[WORK REQUIRED]
Reproduce the entire listing exactly as written, apart from its pictures.

[STORED DATA]
<<<<

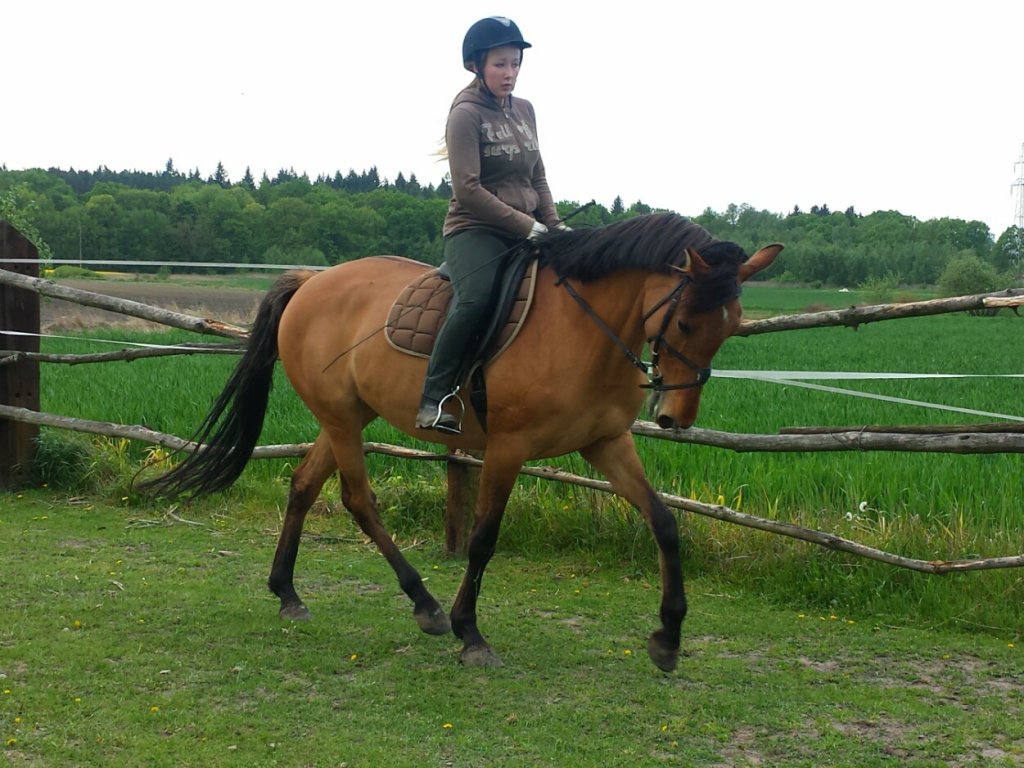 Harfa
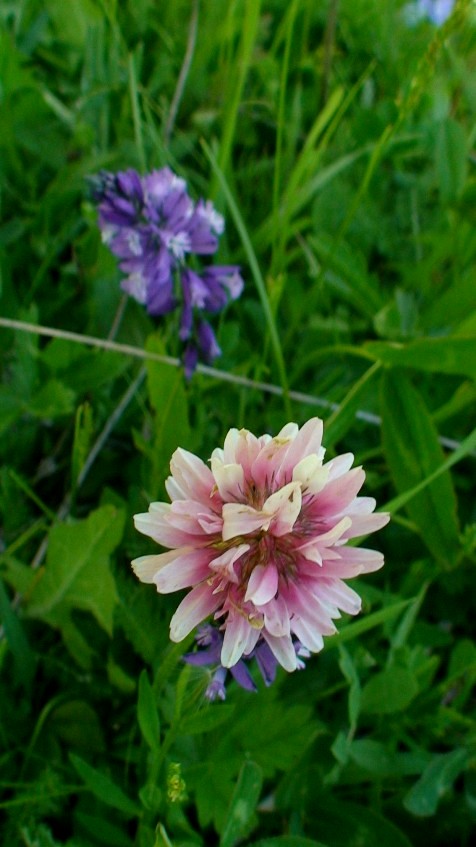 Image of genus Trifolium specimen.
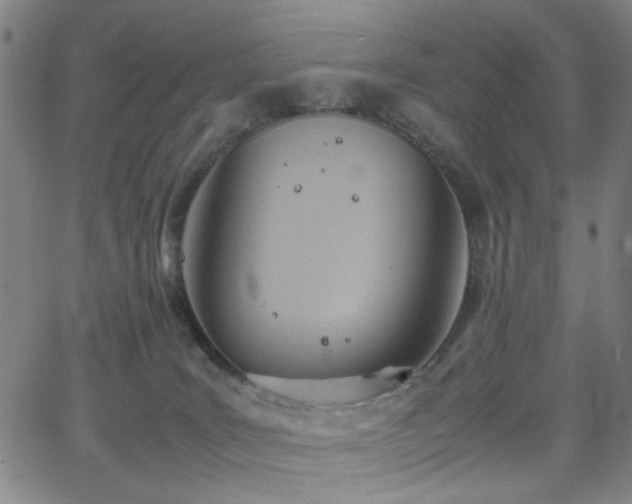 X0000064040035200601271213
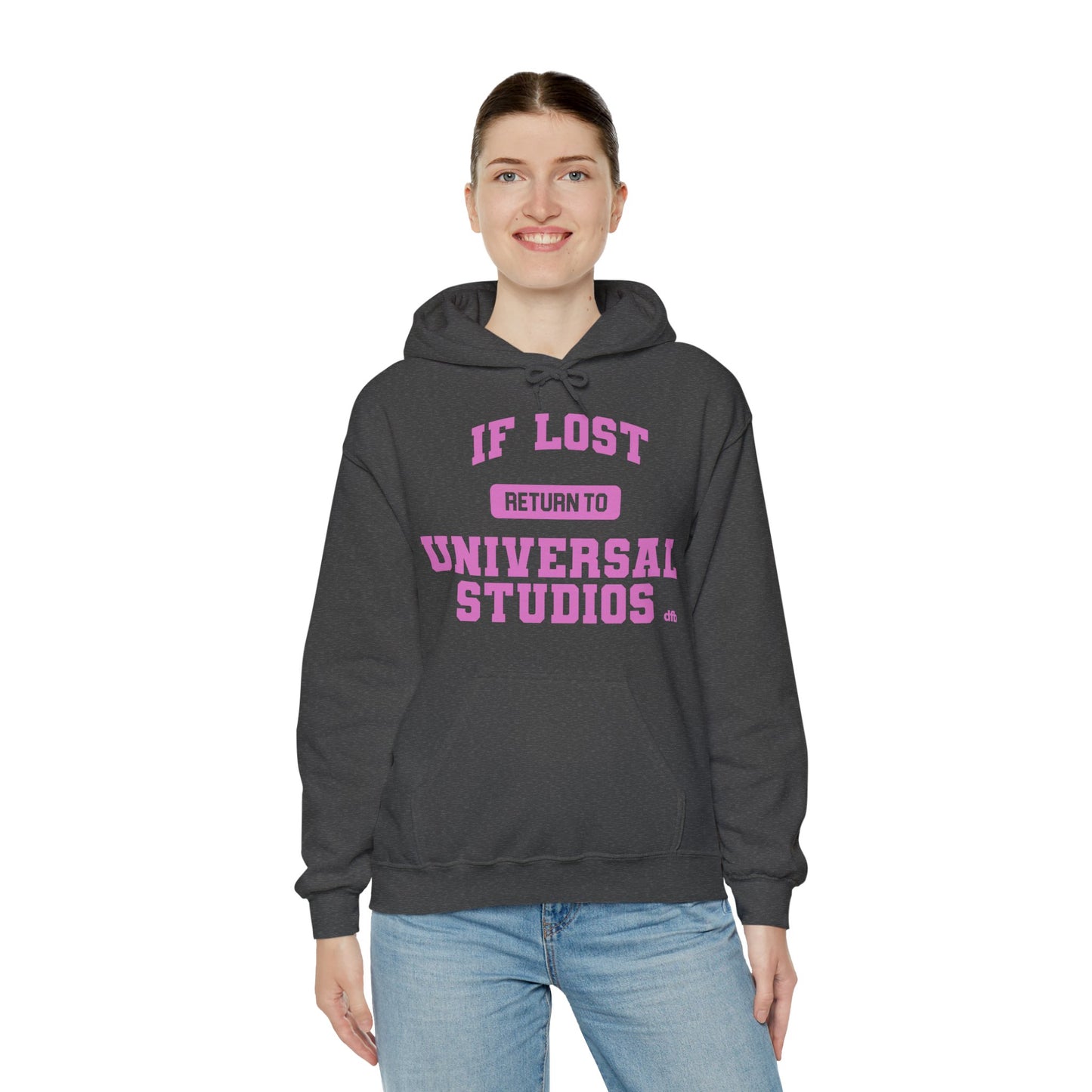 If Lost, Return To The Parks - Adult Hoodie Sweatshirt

>>>>

[SOLUTION FOR THIS EXERCISE]
 Harfa
 Image of genus Trifolium specimen.
 X0000064040035200601271213
 If Lost, Return To The Parks - Adult Hoodie Sweatshirt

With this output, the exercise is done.